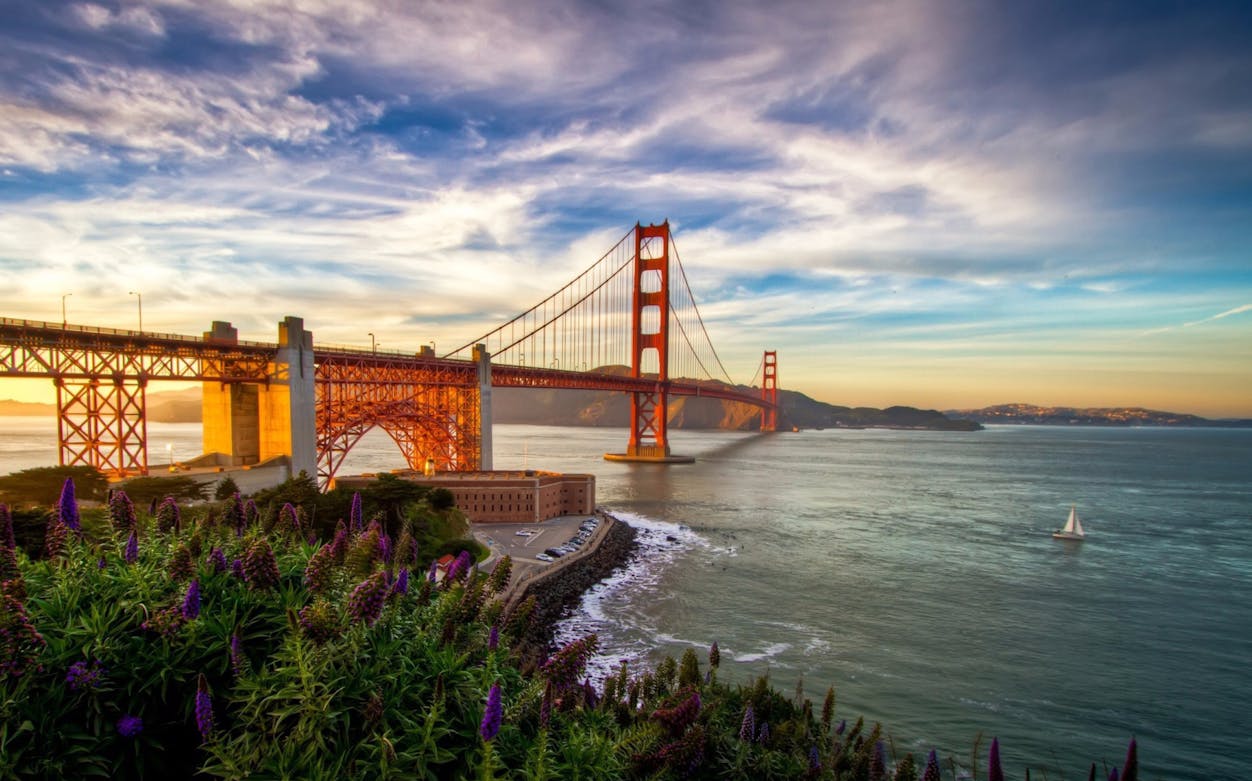 Golden Gate Bridge at sunset with sailboat on San Francisco Bay.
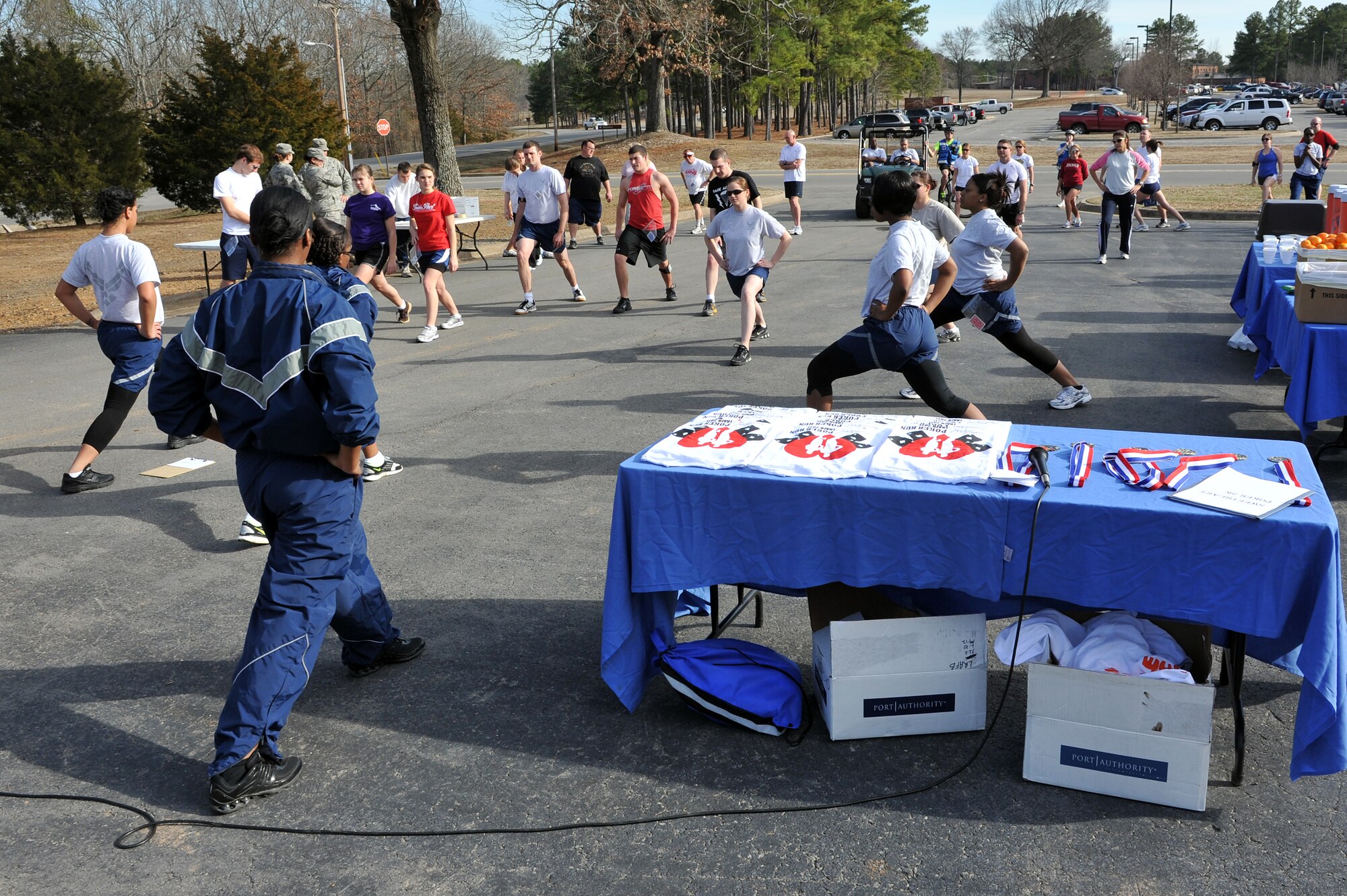 Airmen from the 19th Force Support Squadron fitness center perform a pre-run warm up with the participants of the Sweetheart Poker 5-km run and walk Feb. 14, 2011, at Little Rock Air Force Base, Ark. The fitness center has themed fun runs every month, which are free and open to everyone with access to the base.  (U.S. Air Force photo by Staff Sgt. Chris Willis)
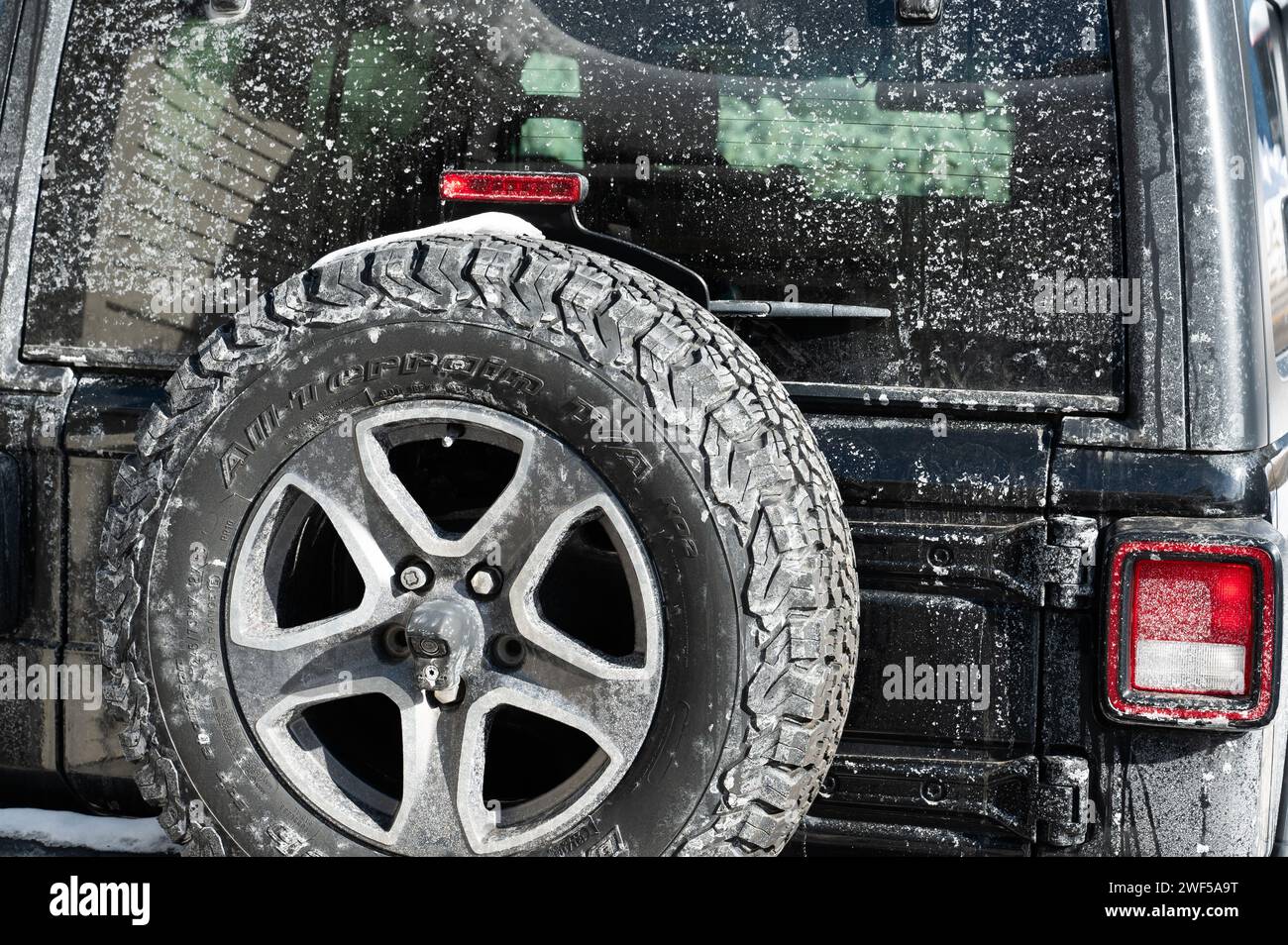 Das Heck eines schwarzen Jeep Wrangler bedeckt mit Winterstaub und Streusalz Stockfoto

▶ **Problem statement**
Repeat the material exactly. Any picture in it should be dropped.

▶ **Exercise solution**
 Golden Gate Bridge at sunset with sailboat on San Francisco Bay.
 Airmen from the 19th Force Support Squadron fitness center perform a pre-run warm up with the participants of the Sweetheart Poker 5-km run and walk Feb. 14, 2011, at Little Rock Air Force Base, Ark. The fitness center has themed fun runs every month, which are free and open to everyone with access to the base.  (U.S. Air Force photo by Staff Sgt. Chris Willis)
 Das Heck eines schwarzen Jeep Wrangler bedeckt mit Winterstaub und Streusalz Stockfoto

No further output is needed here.